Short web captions
════════════════
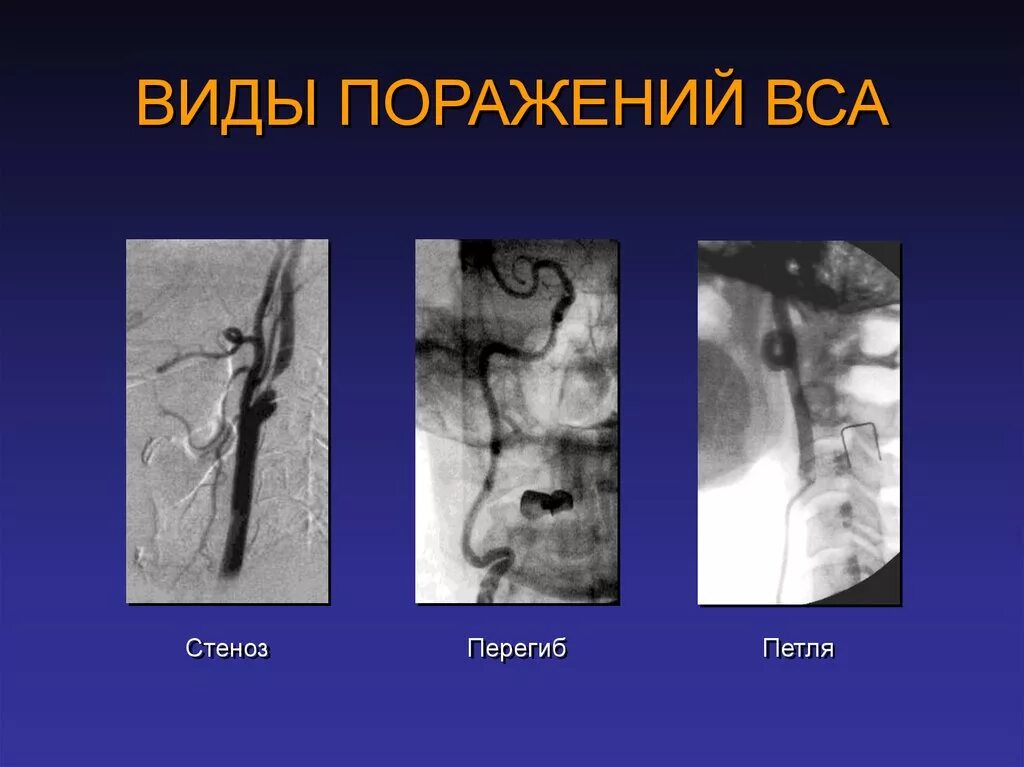 Изгиб вса. S-образная извитость внутренней сонной артерии. Петля внутренней сонной артерии.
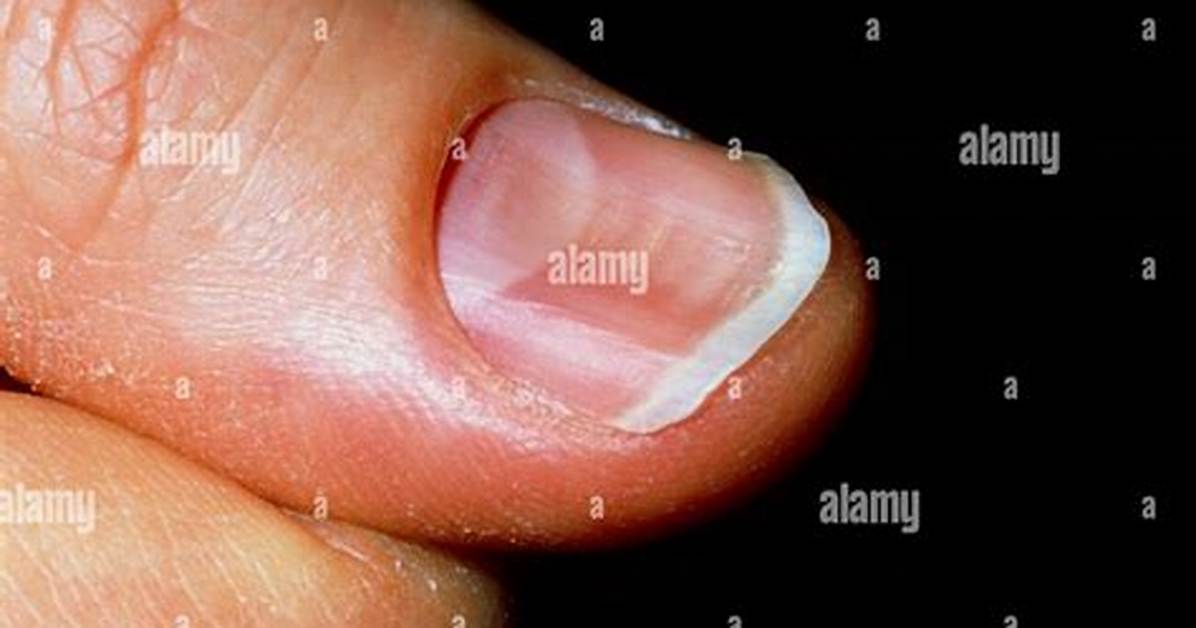 Concave Nails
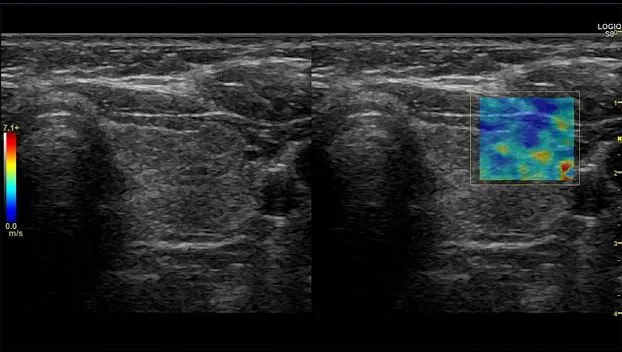 Клинические изображения GE Logiq S8 XDclear ультразвуковая диагностическая система 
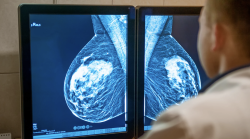 Mammografia senza referto dopo 66 giorni: "Recuperato solo per caso. Prevenzione utile solo se tempestiva" 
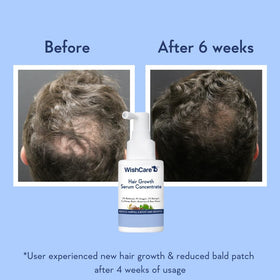 WishCare illustrative before and after scale showing improved hair density appearance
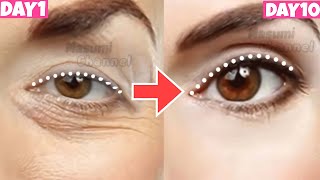 Eye Lift Exercise Get Bigger Eyes Prevent Droopy Eyelids Sagging Eyelids Massage YOU MUST DO [upl. by Dulsea]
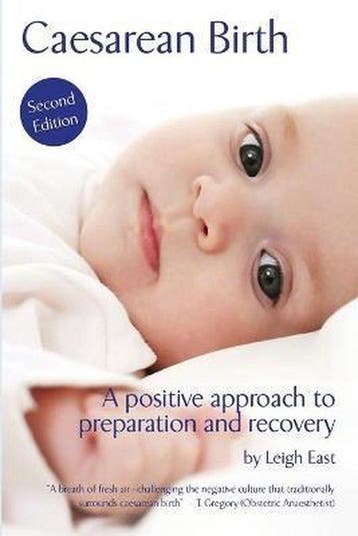 Caesarean Birth 9780956848024 Leigh East, Verzenden, Gelezen, Leigh East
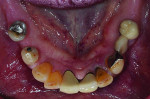 Fig 1 and Fig 2. The patient presents with a failing mandibular dentition
and a maxillary complete denture.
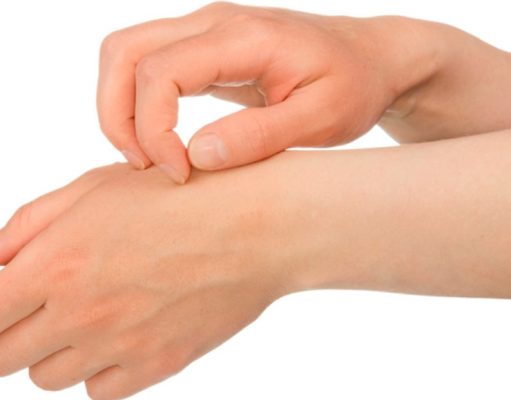 4 cambios en la piel que no hay que ignorar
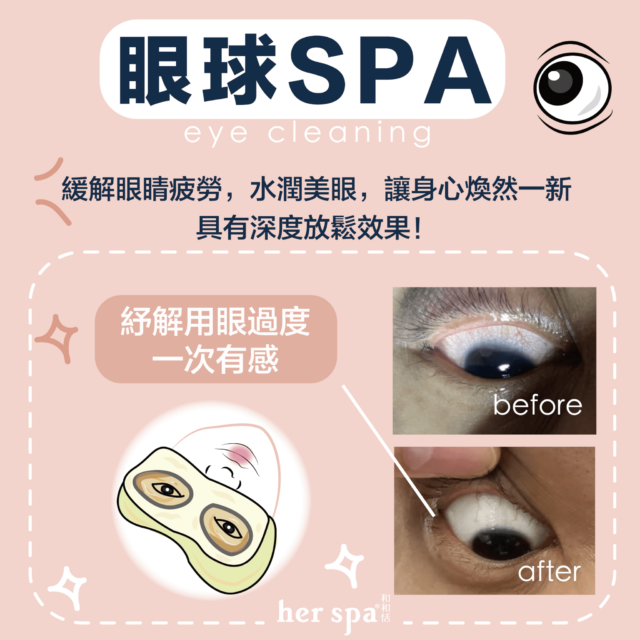 洗眼睛 眼睛保健食品 眼睛健康 眼睛保健 乾眼症 Eyecleaning 蒸氣眼罩 電動蒸眼罩 人工淚液 葉黃素有效嗎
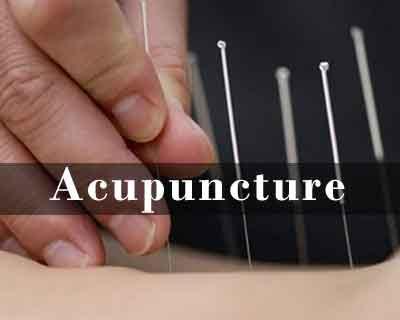 Puducherry: Govt may introduce Acupuncture in government hospitals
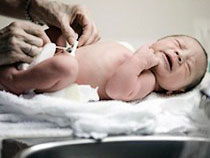 Picture 1 of Care of newborn umbilical cord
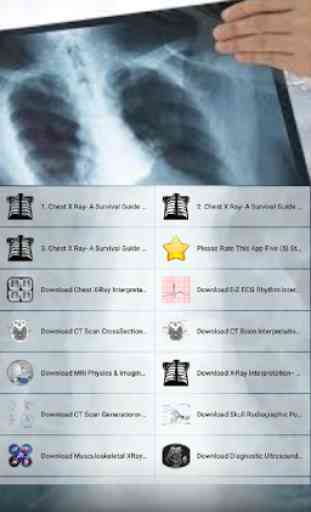 Chest X Ray - A Survival Guide 1
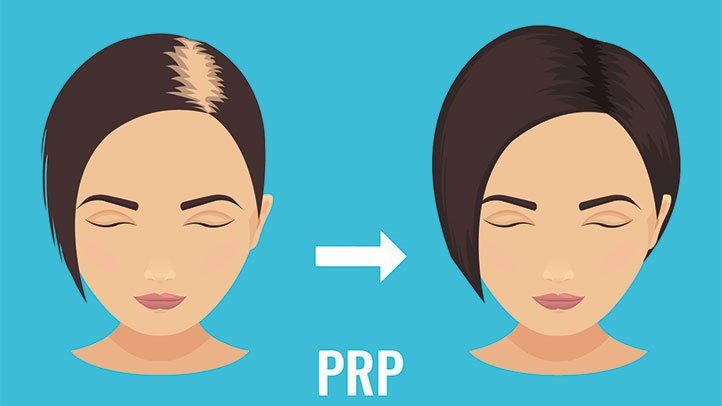 Is PRP Treatment Effective for Hair Growth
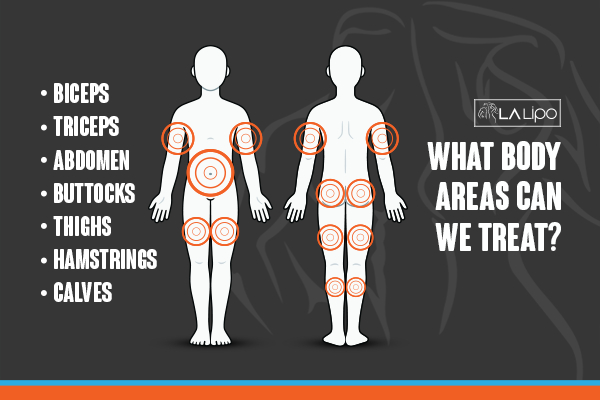 Graphic to show areas you can have LA-EMS Body Sculpting Shoreham-by-Sea treatment.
════════════════
* [ACTIVITY]: Both the first line of the records above and the line containing "Eye Lift Exercise" belong in the copy; please return them and every line between, exactly, minus the pictures.

* [SOLUTION FOR THIS TASK]:
 Изгиб вса. S-образная извитость внутренней сонной артерии. Петля внутренней сонной артерии.
 Concave Nails
 Клинические изображения GE Logiq S8 XDclear ультразвуковая диагностическая система 
 Mammografia senza referto dopo 66 giorni: "Recuperato solo per caso. Prevenzione utile solo se tempestiva" 
 WishCare illustrative before and after scale showing improved hair density appearance
 Eye Lift Exercise Get Bigger Eyes Prevent Droopy Eyelids Sagging Eyelids Massage YOU MUST DO [upl. by Dulsea]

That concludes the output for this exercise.